My results for the last digits of 3[5], 4[5], 5[5], 6[5], 7[5], 8[5], and 9[5] are based on actual computation. In the case of Moser, however, the number of iterations that would be required to compute the last digits directly is itself extremely large, so we have to rely on patterns in smaller values. The last 3 digits always increasing by 400 can be explained by the fact that 256 ends in 56 and 256[3] ends in 656, 656[3] ends in 056, 56[3] ends in 456, 456[3] ends in 856, and 856[3] ends in 256. When we apply the square operator it is equivalent to applying the triangle operator only once since any number ending in ...56 is 1 mod 5. This means that applying the pentagon operator is also equivalent to one triangle since it is equivalent to one square, and the same goes for all higher operators.  Allam948736 (talk) 01:52, January 15, 2020 (UTC)
> so we have to rely on patterns in smaller values.
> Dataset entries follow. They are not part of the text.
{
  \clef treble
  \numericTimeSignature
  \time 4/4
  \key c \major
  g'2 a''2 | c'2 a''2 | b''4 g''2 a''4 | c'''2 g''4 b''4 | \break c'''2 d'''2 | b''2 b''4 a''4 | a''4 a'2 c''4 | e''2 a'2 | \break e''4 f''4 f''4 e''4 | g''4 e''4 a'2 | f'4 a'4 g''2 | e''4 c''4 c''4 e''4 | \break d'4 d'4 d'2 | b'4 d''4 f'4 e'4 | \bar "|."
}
No. We have to rely on proofs. Pattern-matching is not reliable and is not reasonable. Do you forget that your statements on last digits of tetrations without proofs were wrong?
> This means that applying the pentagon operator is also equivalent to one triangle since it is equivalent to one square, and the same goes for all higher operators.
Are you talking about the last 1-digit? Do you forget that the simple iteration of "modular exponential" modulo 5 does not work in general? (Also, "it is compatible with any small values which I checked" makes no sense here.) Anyway, since you seem to have no evidence (no, it is not the compatibility with small values), your statements are not approopriate for the main article. This is the case if you show us any other compatible results of small values.
p-adic 05:29, January 15, 2020 (UTC)

I was talking specifically about the last 3 digits (explaining it for more digits would be quite tricky though). For 4 digits, you would have to apply 6 triangles to 256, then 11 triangles to 2656, 16 triangles to 1056, and so on. Allam948736 (talk) 16:24, January 15, 2020 (UTC)
It makes sense. Anyway, we need a theoretic reasoning.